There is a big difference in performance between traditional passive UHF RFID tags and battery-assisted passive (BAP) tags, especially the newer ISO 18000-6C Class 3 tags. BAP tags can be read at 10X-30X the distance of a passive tag and are read more reliably in the presence of the high water-content inherent in fresh products (produce, meat, fish packed in ice, dairy products). They also can be read more reliably on fast- moving conveyor belts, within pallets stacked high with product, and in challenging environments such as a fast-moving forklift or a warehouse with lots of metal shelving. These can make the critical difference in real-world settings and use, where near-100% reliability is a must. It is a good idea to use tags conforming to the ISO 18000-6C Class 3 standard which improves significantly on the performance of previous generations of BAP tags, providing longer ranges, longer battery life, and better control over interference.


RFID temperature sensors not only provide continual monitoring, but are very quickly and easily read using a handheld or forklift-mounted reader, or automatically read as part of the unloading process via dock door readers that the forklift drives through, or using a tunnel reader that a conveyor belt passes through. In fact, with most of these methods, the reading of data happens automatically as workers do their job (unloading the truck, putting cases on a conveyer, etc.) without any manual step required by the worker. This type of automated, in-the-chain reading is not practical with USB-based data loggers.

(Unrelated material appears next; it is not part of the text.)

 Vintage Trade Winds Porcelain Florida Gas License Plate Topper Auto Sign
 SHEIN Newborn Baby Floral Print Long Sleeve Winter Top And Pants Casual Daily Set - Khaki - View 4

This is an important distinction: RFID can provide continuous data collection and near-real-time monitoring at each key point in the chain, whereas the USB-based logger only provides “after-the-fact” data at the end of the journey. There are a couple of reasons why this is important. First, RFID can provide alerts and notifications in near real-time,2 allowing corrective action to be taken. For example, the system could generate an alert when items have been sitting too long on a hot loading dock.3 Or if the compressor on a refrigerated container or truck failed or was not turned on, then an alarm could be generated. And RFID enables a First Expired First Out (FEFO) regimen at DCs in the cold chain, making more intelligent real-time decisions on where to send produce, based on its temperature history.4 These types of corrective actions can dramatically reduce spoilage and waste and they are not practically achieved using a USB-based approach.

Secondly, by installing readers at critical points in the supply chain, waypoint data5 can be written to the RFID device. This provides a traceability record—a record of each handoff in the chain-of-custody, as well as an unambiguous assigning of responsibility for any temperature excursions. USB-based loggers do not provide this traceability or recording of handoffs.

Finally, beyond real-time alerts, having an RFID device that is continuously collecting temperature data all the way from the field to the grocery store provides the retailer with an unambiguous and precise measurement of the produce’s temperature history, throughout its entire journey. This history can be very quickly and easily read, or automatically read, at the time the product is received by the retailer. The product can be received with confidence, or rejected, knowing exactly when, where, and for how long it was kept at the wrong temperatures.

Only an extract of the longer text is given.